The organisations welcomed the establishment of a public inquiry into the broader circumstances of the assassination and whether it could have been prevented, despite the fact that this has only led to further pressure to ensure that all the truth emerges.
“To date, the public inquiry has uncovered extensive failures of the State and its entities to protect the life of Caruana Galizia and a pattern of intimidation and harassment of her and her family, as well as other independent journalists, steered from the highest levels of government,” the organisations said.
It joined the call for the government not to interfere in the public inquiry and to allow it to fulfil its terms of reference in full independence.
“In this regard, we have been gravely concerned by Prime Minister Abela’s attempt to impose a time limit, unduly interfering with the fair and effective fulfilment of the Board of Inquiry’s task,” the organisations said.
They added that it was unacceptable that three years after her death, the journalist’s family lawsuits “brought against her by former Prime Minister Joseph Muscat and his wife Michelle, former Minister Konrad Mizzi and his wife Sai Mizzi Liang, the oligarch and governing party donor Silvio Debono and others.”
“We will continue our campaigning and joint advocacy until there is full justice for Daphne Caruana Galizia. We hope that this year will be the last time that, in commemorating her, we must call for an end to impunity and the continued harassment of her family, so that we can fully focus on honouring her legacy as a fearless investigative reporter,” the statement concluded.
The statement was signed by ARTICLE 19, Civil Society Europe, Committee to Protect Journalists, European Centre for Press and Media Freedom (ECPMF), European Federation of Journalists (EFJ), Free Press Unlimited, Global Forum for Media Development (GFMD), IFEX, Index on Censorship, International Federation of Journalists (IFJ), International Media Support (IMS), International Press Institute (IPI), Justice and Environment, Media Diversity Institute (MDI), Osservatorio Balcani Caucaso Transeuropa (OBCT), PEN America, Reporters Without Borders (RSF), Scottish PEN, Transparency International EU.

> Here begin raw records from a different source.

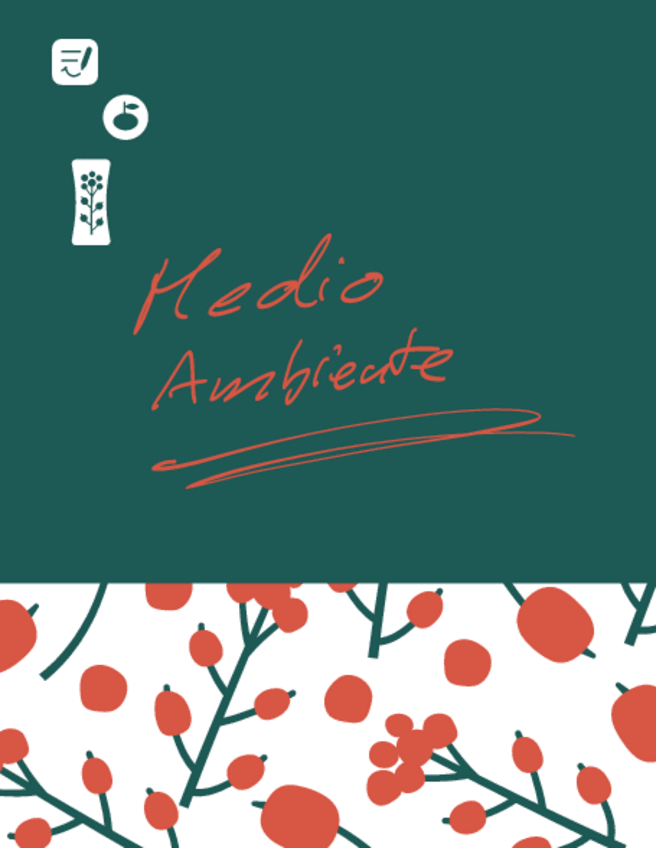 Miniatura del documento Apuntes-Medio-Amb.pdf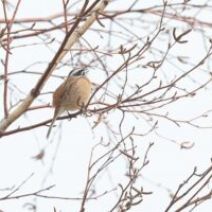 「旭山記念公園野鳥情報2026年3月31日(火曜日)」の写真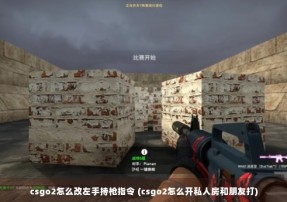 csgo2怎么改左手持枪指令 (csgo2怎么开私人房和朋友打)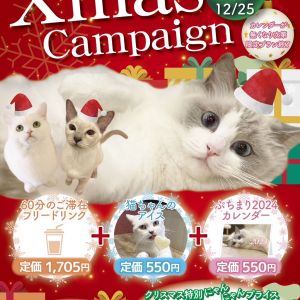 🎅ぷちまりクリスマスイベント開催⛄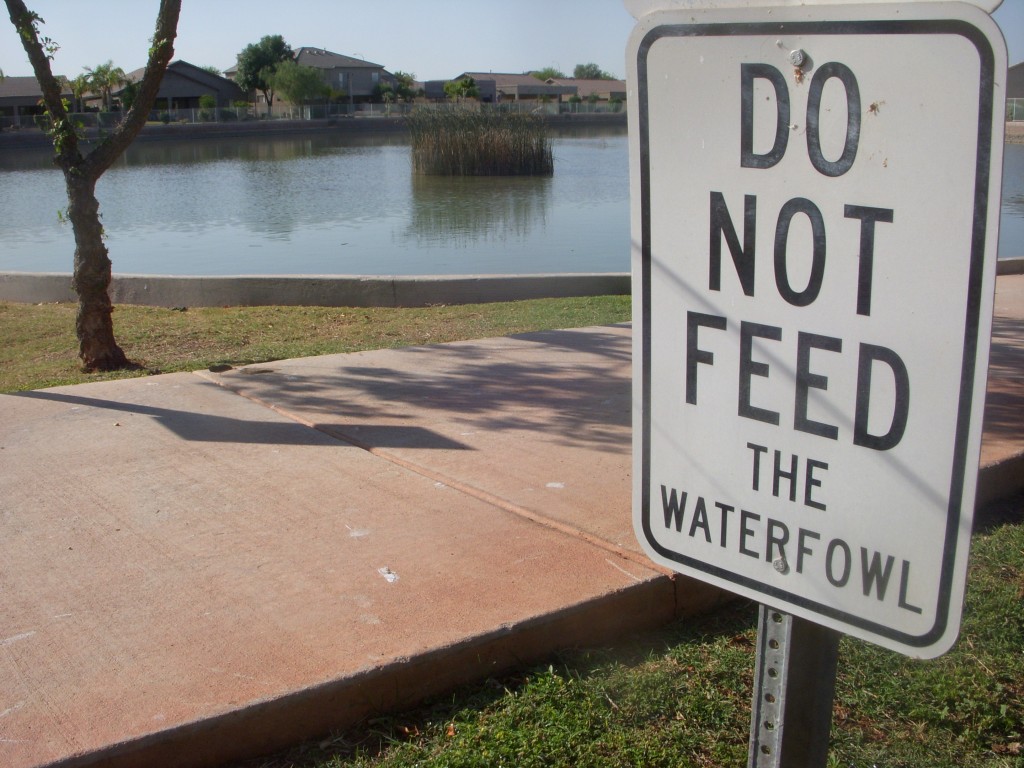 Arizona Urban Pond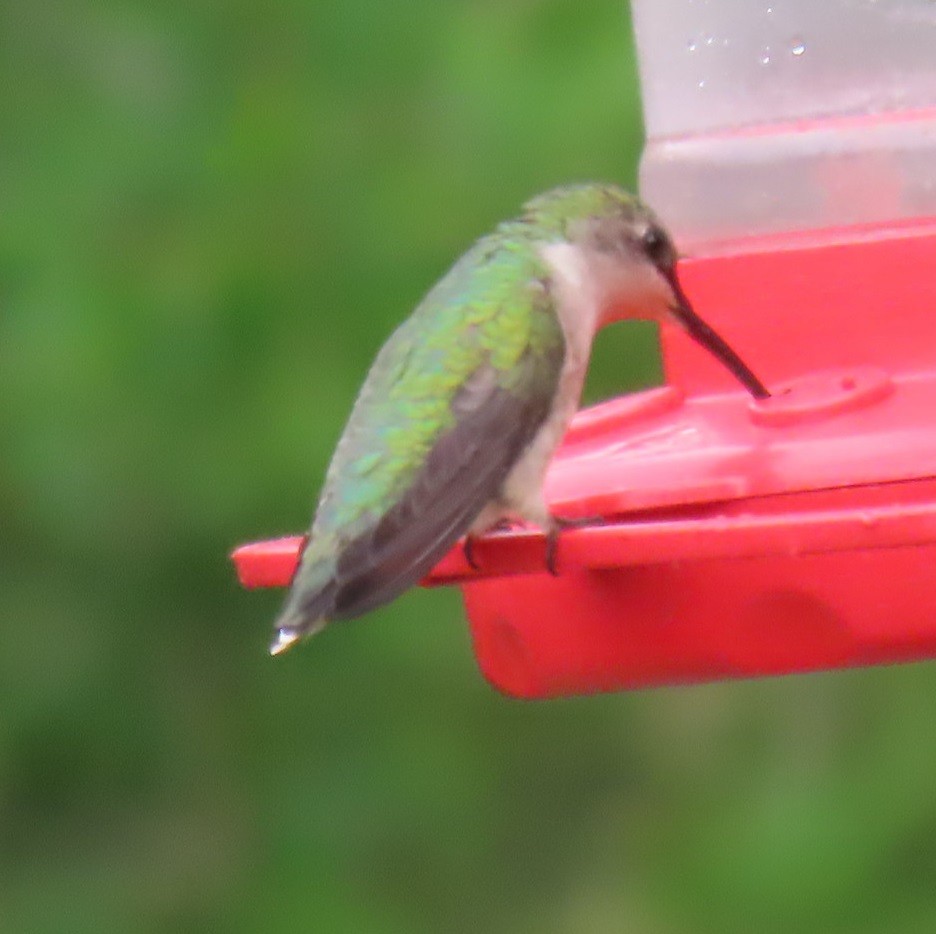 Ruby-throated Hummingbird - ML618663837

The Council of Europe’s Special Rapporteur said that despite magisterial inquiries there is still no justice for the brutal assassination.
“Even though three suspected triggermen were charged almost three years ago, even though the intermediary confessed almost a year ago, the trial of those accused of Daphne’s murder has still not begun,” Omtzigt said.
He said that three years have passed and the compilation of evidence against Fenech that started in 2017 “splutters on, mired in confusion, with no end in sight”.
Omtzigt reiterated his demand for Abela not to interfere in the public inquiry looking into the murder of the journalist.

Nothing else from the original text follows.